» TASK GOAL: Work through the listing below and give again exactly the lines from the one with "沐浴露和身体护理霜图片下载" to the one with "Кольцо с синим болдер опалом в золоте", both ends included. All other lines and all pictures stay out.

(SUPPLIED DATA begins)

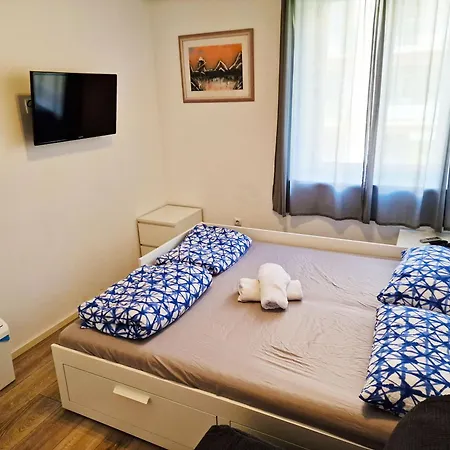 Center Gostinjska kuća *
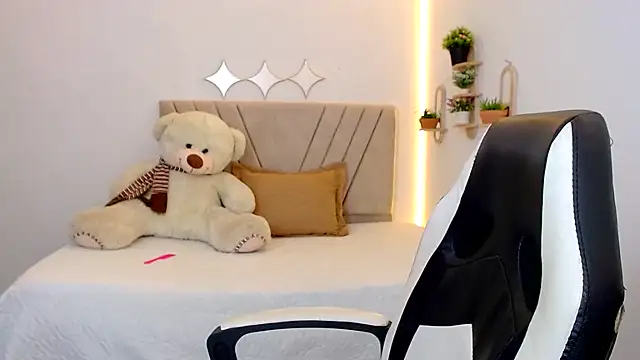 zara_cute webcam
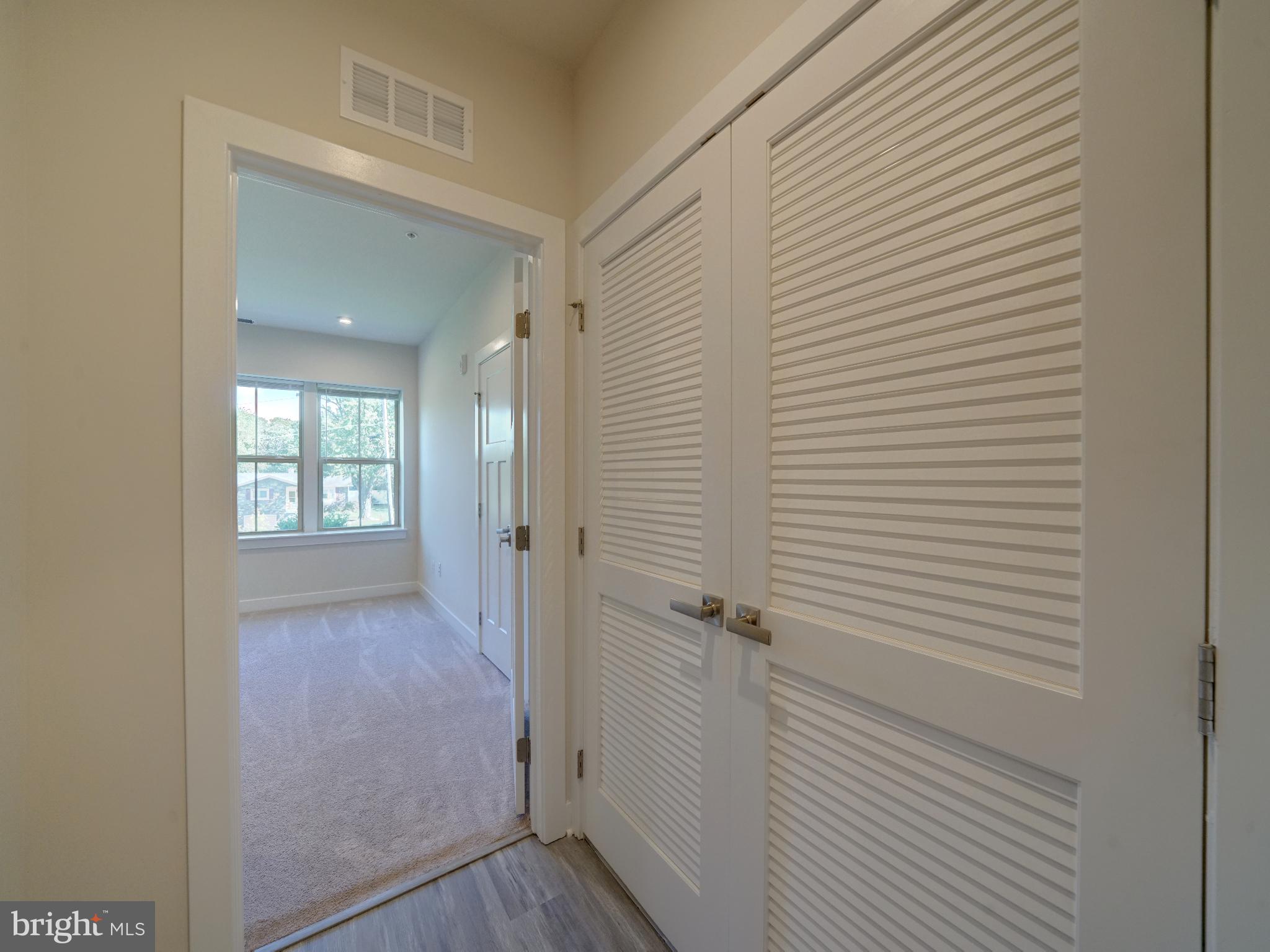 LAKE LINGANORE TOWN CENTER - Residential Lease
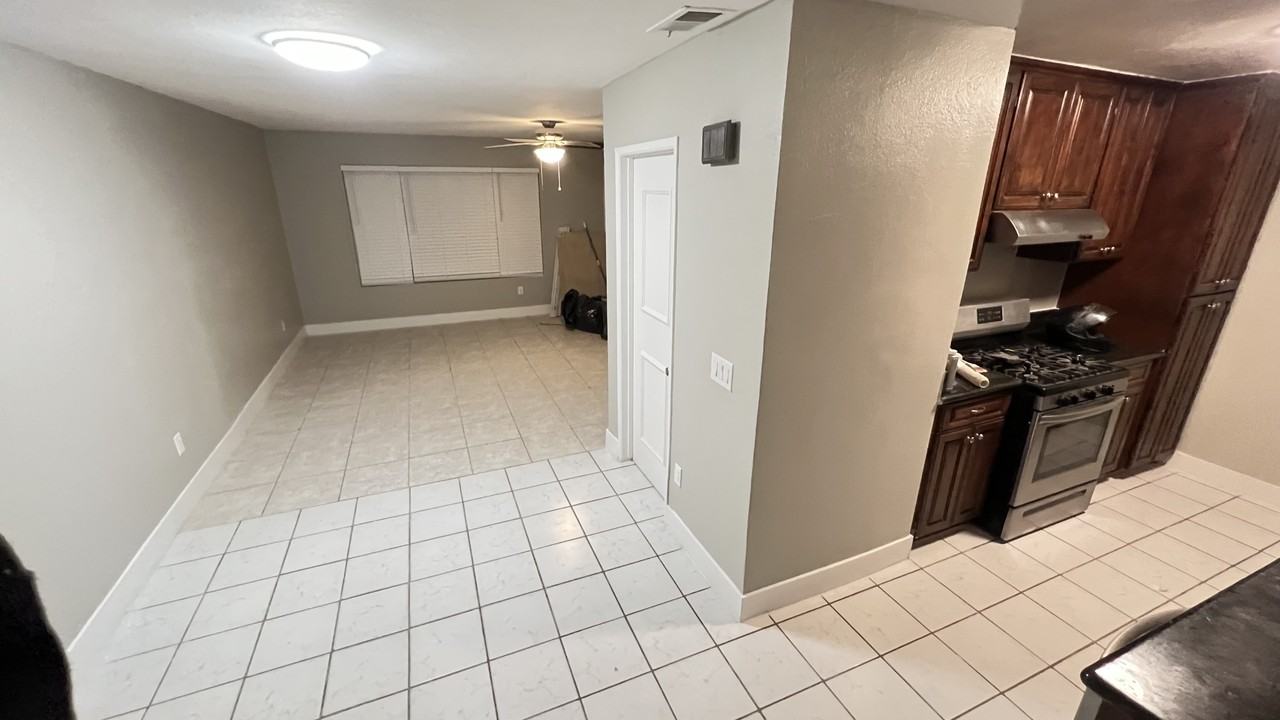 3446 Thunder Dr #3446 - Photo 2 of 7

(SUPPLIED DATA ends)
(SUPPLIED DATA begins)

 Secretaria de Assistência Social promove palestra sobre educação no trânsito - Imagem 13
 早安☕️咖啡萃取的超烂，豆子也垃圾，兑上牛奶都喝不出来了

(SUPPLIED DATA ends)
(SUPPLIED DATA begins)

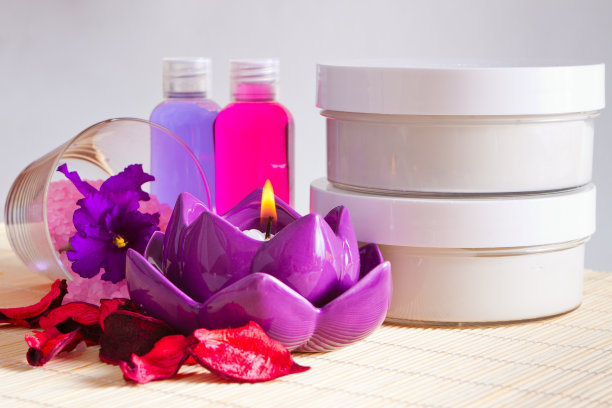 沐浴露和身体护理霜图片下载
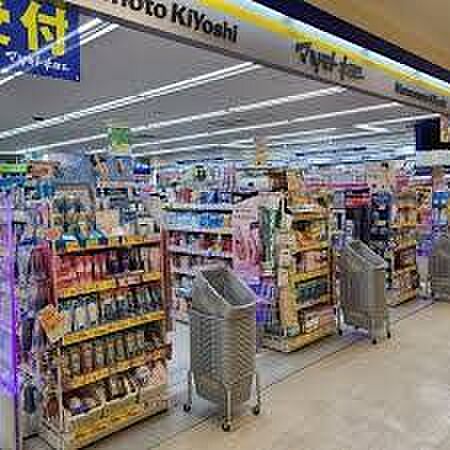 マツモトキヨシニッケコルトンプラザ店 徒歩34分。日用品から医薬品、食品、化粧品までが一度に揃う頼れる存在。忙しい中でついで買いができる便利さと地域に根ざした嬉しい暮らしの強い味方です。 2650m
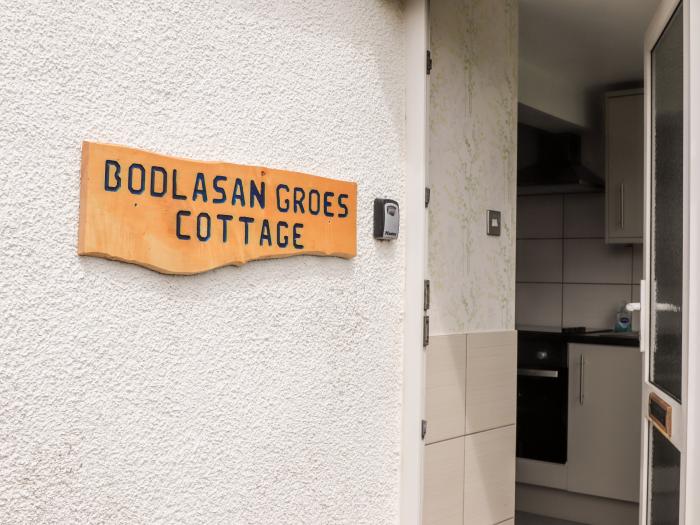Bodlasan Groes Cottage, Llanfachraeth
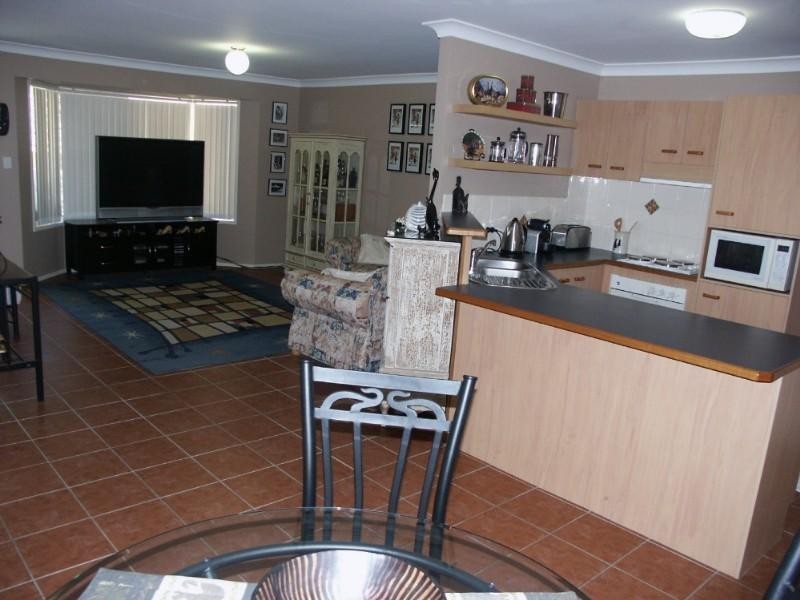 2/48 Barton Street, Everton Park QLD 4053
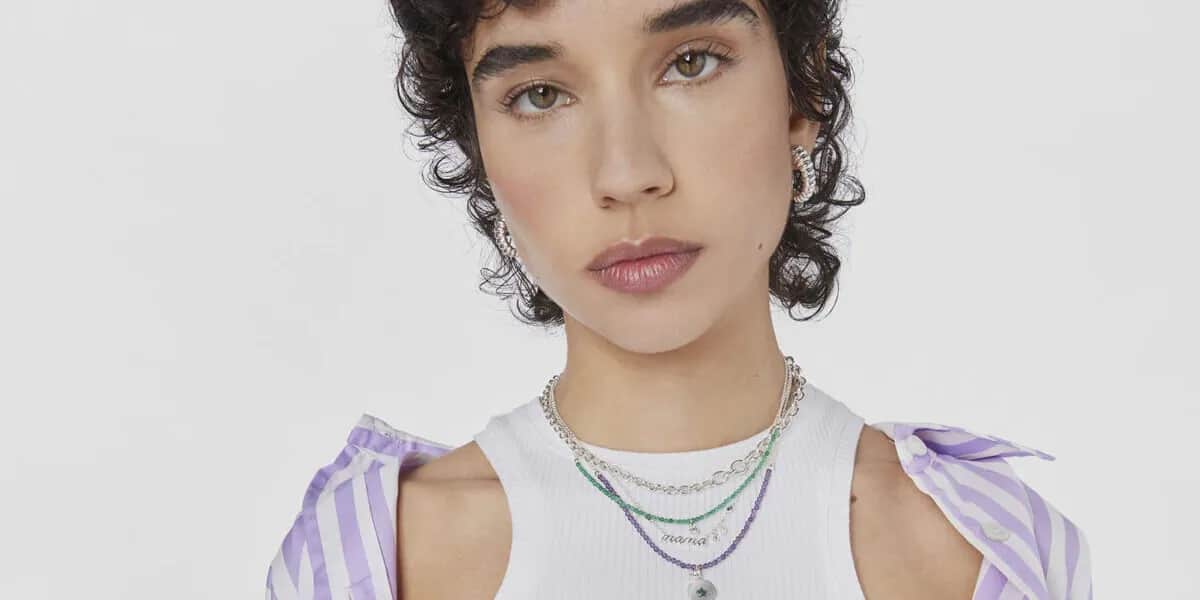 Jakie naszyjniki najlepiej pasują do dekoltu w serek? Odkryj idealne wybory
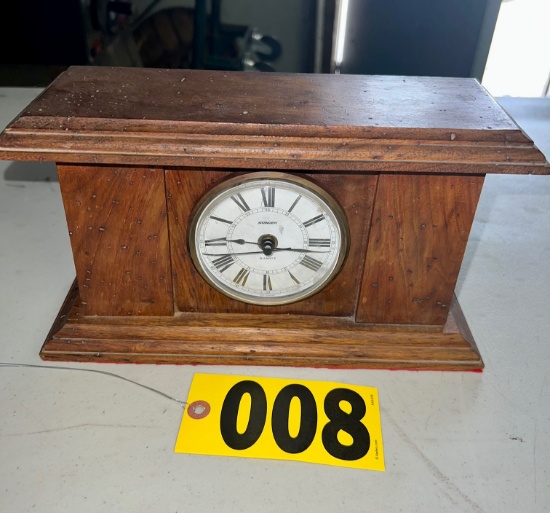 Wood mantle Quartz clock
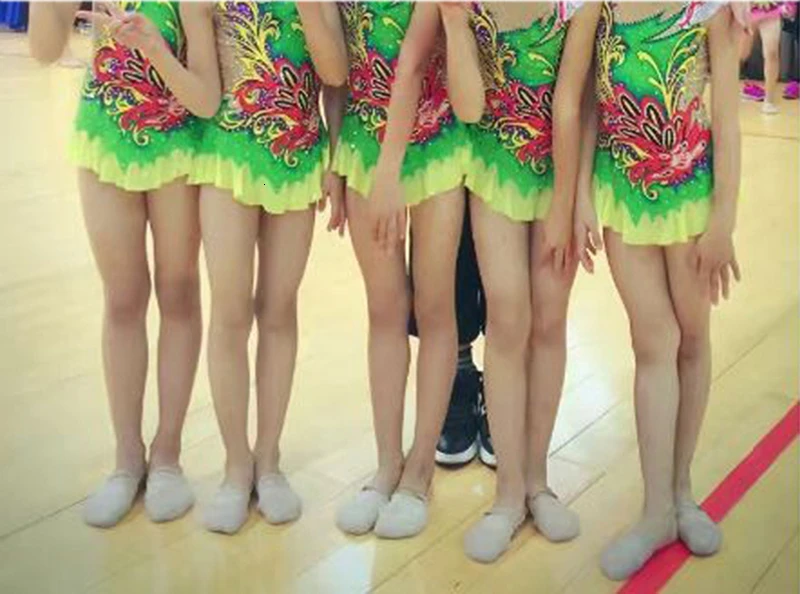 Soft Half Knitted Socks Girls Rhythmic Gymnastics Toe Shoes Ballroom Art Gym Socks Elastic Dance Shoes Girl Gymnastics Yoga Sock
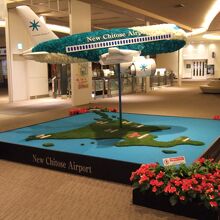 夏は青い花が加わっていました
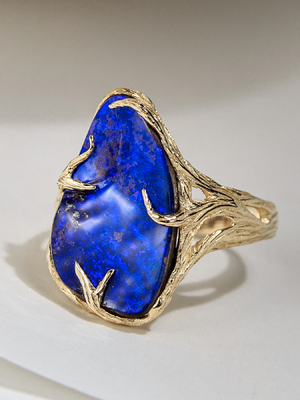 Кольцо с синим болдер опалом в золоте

(SUPPLIED DATA ends)

» ANSWER BELOW:
 沐浴露和身体护理霜图片下载
 マツモトキヨシニッケコルトンプラザ店 徒歩34分。日用品から医薬品、食品、化粧品までが一度に揃う頼れる存在。忙しい中でついで買いができる便利さと地域に根ざした嬉しい暮らしの強い味方です。 2650m
Bodlasan Groes Cottage, Llanfachraeth
 2/48 Barton Street, Everton Park QLD 4053
 Jakie naszyjniki najlepiej pasują do dekoltu w serek? Odkryj idealne wybory
 Wood mantle Quartz clock
 Soft Half Knitted Socks Girls Rhythmic Gymnastics Toe Shoes Ballroom Art Gym Socks Elastic Dance Shoes Girl Gymnastics Yoga Sock
 夏は青い花が加わっていました
 Кольцо с синим болдер опалом в золоте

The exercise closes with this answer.